Zuerst waren es über 170 Professoren, die in einer Art Brief per Internet vor der „Sozialisierung von Schulden“ warnten, gemeinhin unter dem Begriff ESM bekannt, dann stieg ihre Zahl schnell über 200. Hurtig folgte die Reaktion anderer Professoren, deren Zahl von anfangs 15 fast über Nacht auf mehr als 100 stieg. Damit war ein Schaukampf losgebrochen, in dessen heißer Phase sich nun auch Professoren aus dem Ausland wortgewaltig melden: „Dieser Brief ist arm an sachlichen Details“, rügt Barry Eichengreen. „Eine Schande“, haut Charles Wyplosz drauf.

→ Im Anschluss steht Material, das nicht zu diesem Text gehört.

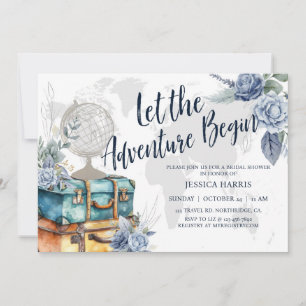 Adventure awaits Bridal shower, Travel theme  Invitation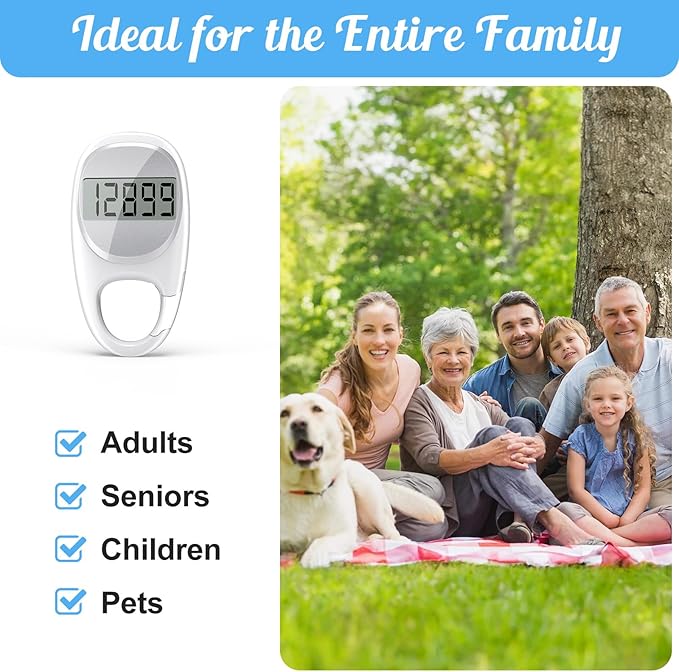 Simple Pedometer for Walking, Accurate Step Tracker with Carabiner, 3D Step Counter for Men Women Kids Seniors
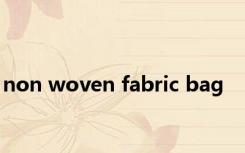 non woven fabric bag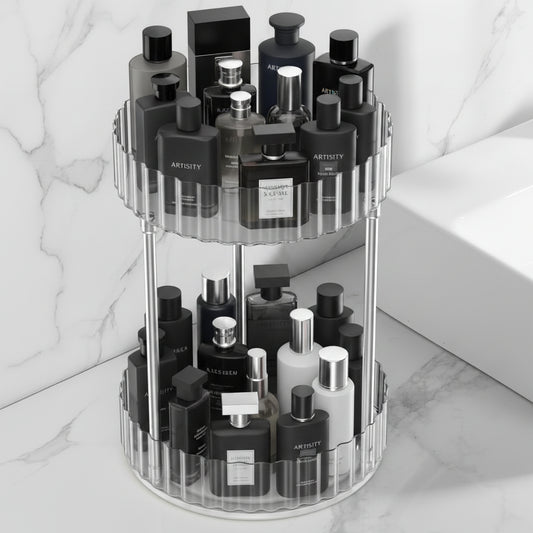 WNYT Makeup Organizer360° Rotating Makeup Organizer 2-Tier Round Rotating Skincare Organizer CountertopFits Bedroom Bathroom Vanity Shelf Countertop(Clear)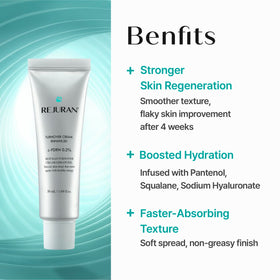 REJURAN cream spread on hand demonstrating smooth application and dewy finish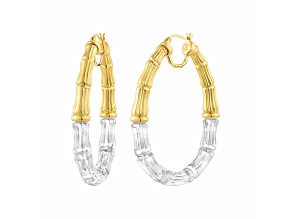 14K Yellow Gold Over Brass Lucite Duchess Bamboo Hoop Earrings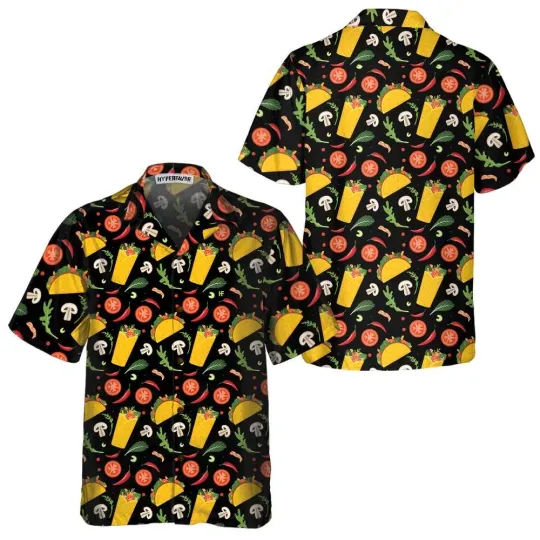 Discover Taco And Burrito Pattern Hawaiian Shirt Funny Taco Shirt For Men Women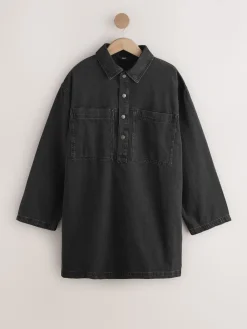 Next Mini Long Sleeve Utility Denim Dress Washed Black Outlet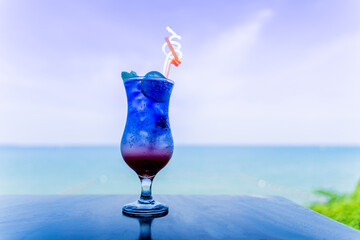 Drink sweet drinks on vacation by the sea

Das alles geht wiederum den Brief-Initiatoren zu weit. Deshalb warnte ihre Speerspitze, bestehend aus Hans-Werner Sinn und Walter Krämer, in der FAZ vom Dienstag: „Die strukturelle Mehrheit der Schuldenländer in den Eurogremien wird sich sämtlicher Töpfe des ESM bedienen, die aufgestellt werden, und bei einer drohenden Leerung so lange drängeln, bis sie wiederaufgefüllt werden.“ Den Rest kann man sich denken: Während Professoren und Medien über die große Aufmerksamkeit, die ihrer Sommerloch-Debatte zuteil wird, geradezu entzückt sein müssen, fragen sich die von der Speerspitze adressierten „lieben Mitbürger“ zu Recht, was das alles soll.





Die Märkte spielen weiter verrückt
Die Antwort darauf muss jetzt erst einmal das Bundesverfassungsgericht geben. Es wird sich allerdings Zeit lassen; das war das einzige wirklich konkrete Ergebnis seiner offiziellen Mitteilung vom vergangenen Dienstag. In dieser Zeit, deren Ende noch nicht absehbar ist, wird weiter diskutiert, aber nicht gehandelt. Daraus folgt: Im Jahr sechs der Finanzkrise und Jahr drei der Eurokrise geht es weiter wie bisher. Das bedeutet für Anleger: Sie nehmen entweder das verrückte Auf und Ab der Märkte, den zurzeit schwachen Euro und den durch die Politik der niedrigen Zinsen verursachten Wertverlust einiger Anlagen einfach in Kauf, oder sie wehren sich dagegen.
Aber wie? Lassen wir zunächst die Entscheidungen der Europäischen Zentralbank vom vergangenen Donnerstag Revue passieren, dann fällt auf, dass die eigentliche Sensation nicht so sehr in der Leitzinssenkung auf 0,75 Prozent an sich bestand, sondern in deren Verbindung mit dem auf Null herabsetzten Zinssatz für Einlagen. Das heißt, deutsche Banken und solche aus anderen mehr oder weniger stabilen Euroländern wurden eines Vorteils beraubt, den sie bisher dank der Verzinsung ihres überschüssigen Geldes durch die EZB hatten; folglich müssen sie jetzt andere Renditequellen erschließen. Dagegen profitieren die angeschlagenen südeuropäischen Euroländer ungleich stärker als die anderen von der Leitzinssenkung.